● **WORK REQUIRED**
From the line that contains "BCG Girls' Cotton Fleece Hoodie" to the last line of the data below, transcribe every line exactly. Do not include the pictures.

● **DATASET EXTRACT**
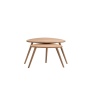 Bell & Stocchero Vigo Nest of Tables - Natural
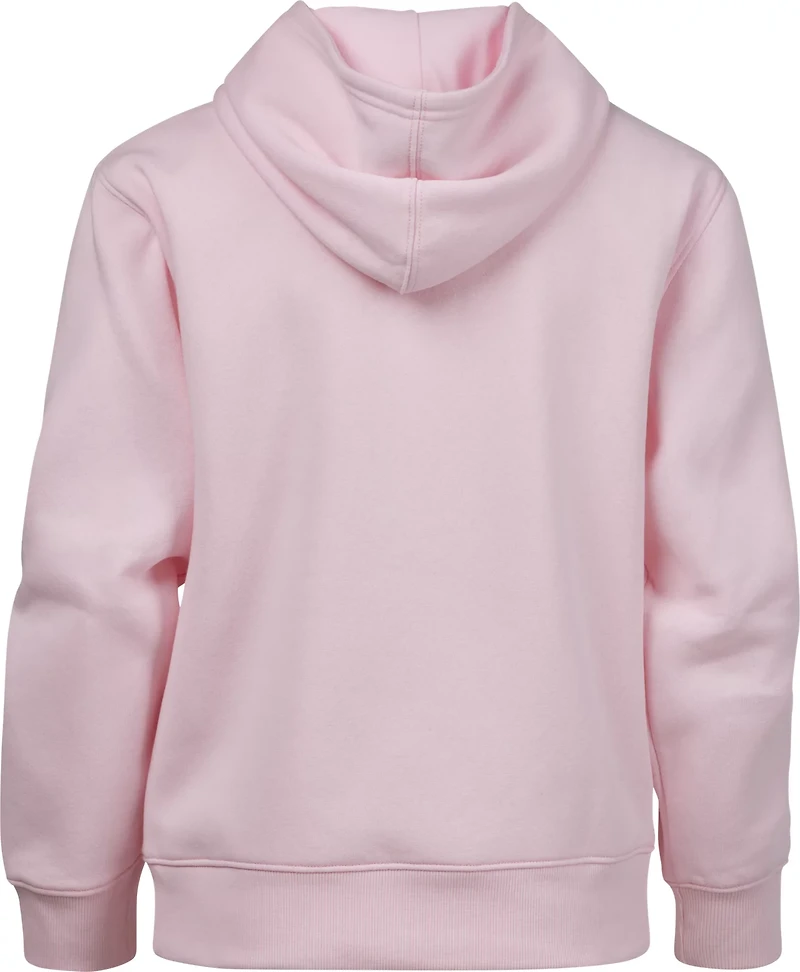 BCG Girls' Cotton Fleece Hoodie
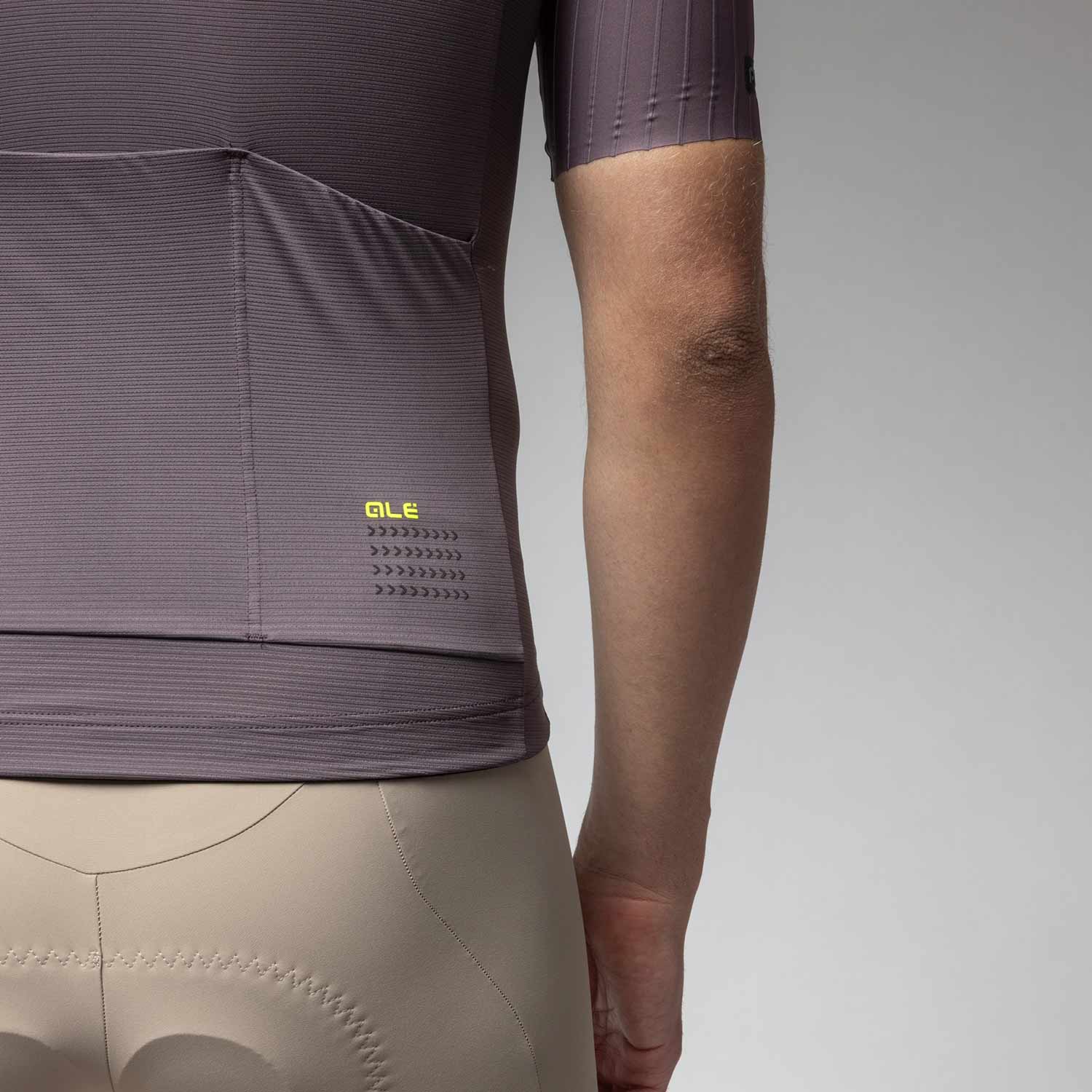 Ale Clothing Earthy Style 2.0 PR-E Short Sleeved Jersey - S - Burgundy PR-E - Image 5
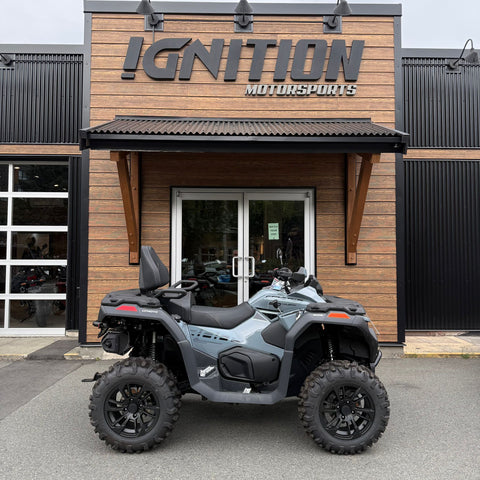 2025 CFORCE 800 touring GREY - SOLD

● **EXERCISE SOLUTION**
 BCG Girls' Cotton Fleece Hoodie
 Ale Clothing Earthy Style 2.0 PR-E Short Sleeved Jersey - S - Burgundy PR-E - Image 5
 2025 CFORCE 800 touring GREY - SOLD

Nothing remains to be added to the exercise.